Does anyone have any ideas of what I would need to do to measure resistance to this accuracy with PICAXE please? As you can tell, I am not a whizzo with analogue electronics, so please go gently on me - short sentences, simple words

 

[Goeytex]

Picaxe ADC resolution is limited to 10 bits. That will give a maximum of 1023 steps. Assuming you are capable of producing circuit and board with precise temperature compensation for all associated components ...

If each step represents .005 degrees C then you might theoretically be able to make a controller/device that would have a temperature range of about 5 degrees and with a "resolution" of .005 degrees. If you have the electronics and programming skills, you might be able to extend the range using a "piecewise" method. e.g a 10 position range switch and or piecewise code that uses a different bridge circuit / op amp and different algorithm for each range of 5 degrees.

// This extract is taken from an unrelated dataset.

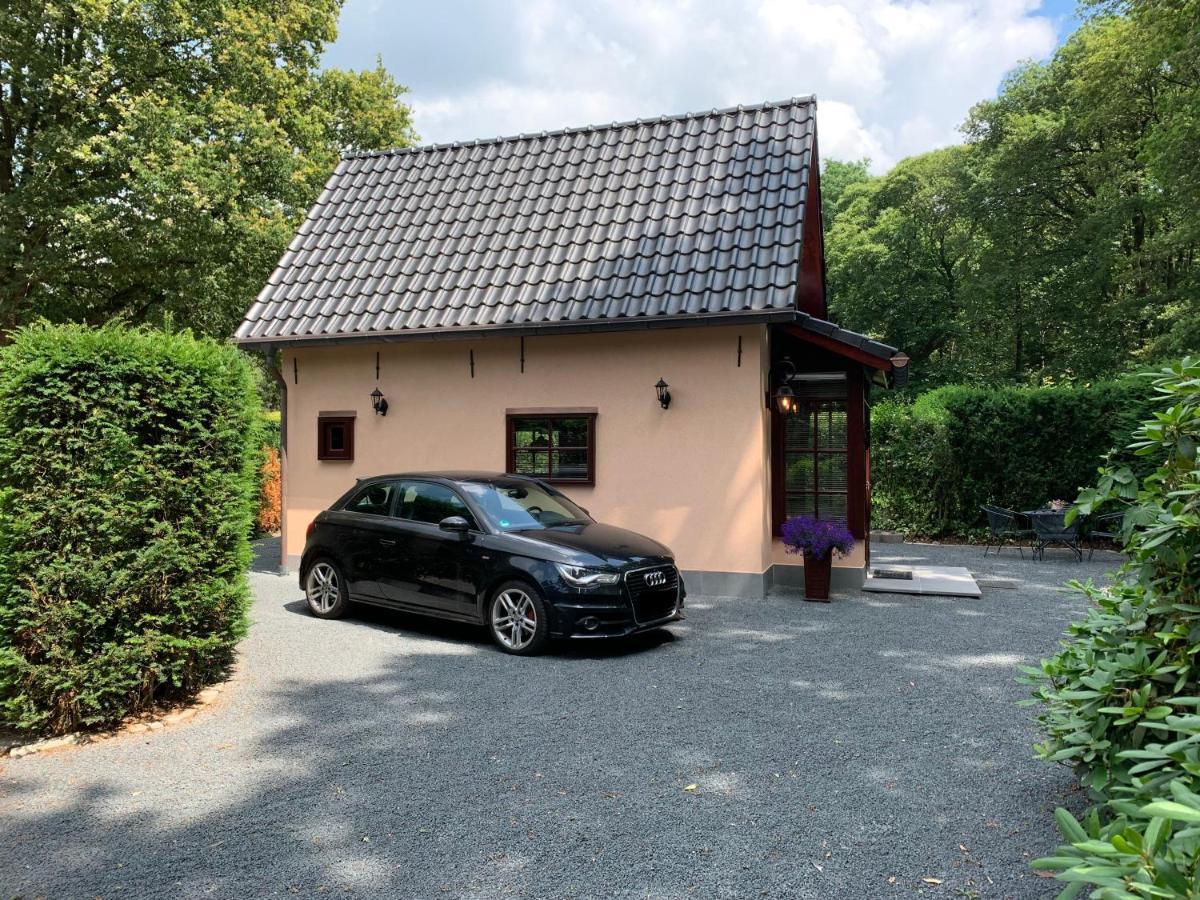 Romantisch Gastenverblijf 'Het Vogelhuisje' Lunteren Esterno foto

IMO, with a Picaxe, resolution could be .005 degrees within a narrow band, but accuracy will never be .005 degrees. This project would be a challenge for a seasoned electronics engineer and probably not doable for an electronics newbie. It most certainly could not be done on a common breadboard with cheap/common components where "cheap" is many times the main project specification and sub-optimal POS components are sourced from cheesy auction sites.

 

[sghioto]

You can't get that kind of accuracy with just the Picaxe and the sensor is not perfectly linear as the in the description here:

PT100 has a resistance of 100 ohms at 0 °C and 138.4 ohms at 100 °C.
The relationship between temperature and resistance is approximately linear over a small temperature range: for example, if you assume that it is linear over the 0 to 100 °C range, the error at 50 °C is 0.4 °C.

Steve G.

 

[Adrian Hudson]

Thank you very much for your replies.

I don't really want to get into a "Why you can't do this" discussion, but firstly, I didn't say in my question that I wanted huge resolution resolution. Really, what I want is to be able to read the resistance accurately, to reasonable resolution and that is all (as it happens, I am not looking for a huge range, perhaps between 96 and 113 ohms).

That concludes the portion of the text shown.